To address this, they proposed a staged fine-tuning strategy: the first stage uses all available data for fine-tuning, while the second stage focuses on fine-tuning dialogue data. Experimental results showed that this staged fine-tuning effectively balanced the needs of specialized tasks and smooth dialogues.
(3) Impact of Multiple-Choice Question Data:

During the alignment phase, the research team attempted to add 20 million Chinese multiple-choice question data to improve the model’s performance on multiple-choice tasks.

After adding the multiple-choice data, the model's scores on benchmarks like MMLU, C-Eval, and CMMLU significantly improved. However, this improvement did not extend to generative evaluations like TriviaQA and Chinese question answering. In other words, although multiple-choice data could enhance the model's problem-solving ability, it did not make the model appear "smarter" in real-world dialogue generation.

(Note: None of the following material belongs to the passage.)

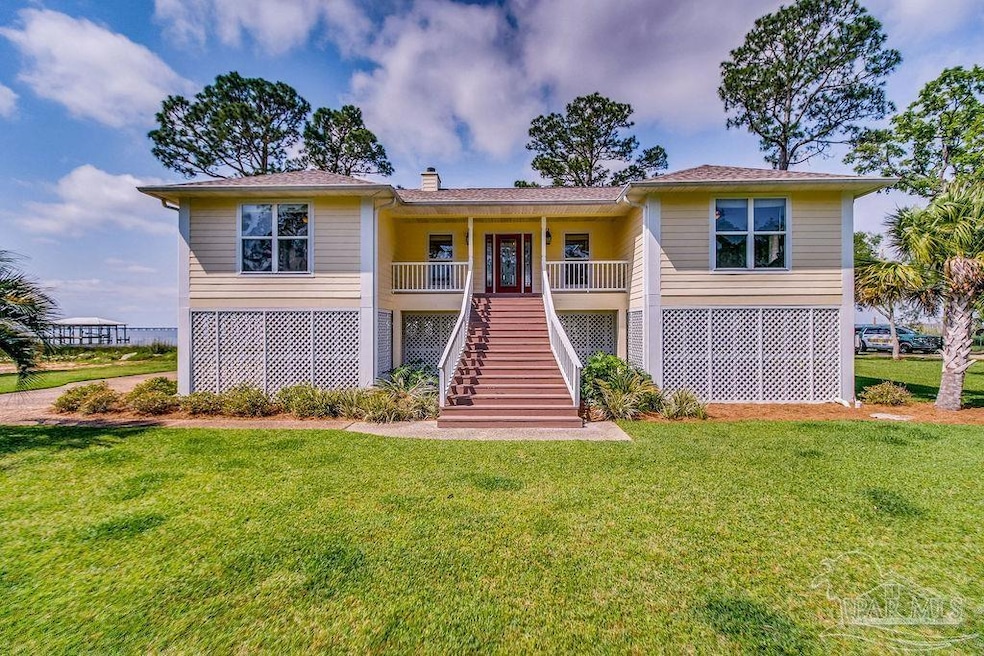 Sold $558,000 • Co-Listing Agent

Therefore, to avoid the model overfitting to the multiple-choice question format and diminishing its overall intelligence performance, they ultimately decided not to include multiple-choice data in both the pre-training and fine-tuning stages.
(4) Instruction Data in Pre-Training Stage:

Additionally, the research team experimented by adding 5 million multiple-choice instruction data points in the later stages of pre-training (the last 10%) to observe the impact on the base model's performance.

The results showed that this did indeed improve the model’s performance on benchmark tasks, but the final effect was nearly identical to adding the same data during the supervised fine-tuning stage.

Thus, if the instruction data is large enough, including it in pre-training is feasible. However, since the research team preferred to exclude multiple-choice data and non-multiple-choice data was relatively limited, they ultimately decided not to include instruction data in the pre-training stage.
(5) Impact of System Prompts:

System prompts are used to guide the model in generating helpful, polite, and positive responses.

The research team used system prompts similar to those in LLaMA-2, such as clearly telling the model, “You are DeepSeek Chat, a helpful, respectful, and honest AI assistant,” and explaining the knowledge cutoff date, etc.

Interestingly, they found that for the 7B model, adding a system prompt slightly decreased the evaluation score (from 7.15 to 7.11), whereas for the 67B model, the system prompt significantly improved performance (from 8.35 to 8.58). This could be because larger models are better able to understand and follow the intent conveyed by the system prompt, while smaller models may be negatively impacted by inconsistencies between training and testing.

Conclusion

DeepSeek LLM is a large-scale language model trained from the ground up, built on a corpus of 2 trillion tokens in both Chinese and English. The paper not only records the choice of hyperparameters and Scaling Laws calibration during the model training process but also compares various fine-tuning strategies in depth and proposes a methodology that balances training efficiency and resource allocation.

This release is not just about the model itself but also marks an important milestone as DeepSeek-AI officially enters the open-source LLM space.

Currently, the DeepSeek series has released several core papers. We will take the time to read the subsequent research papers and continue to explore its full technical layout and evolution trajectory.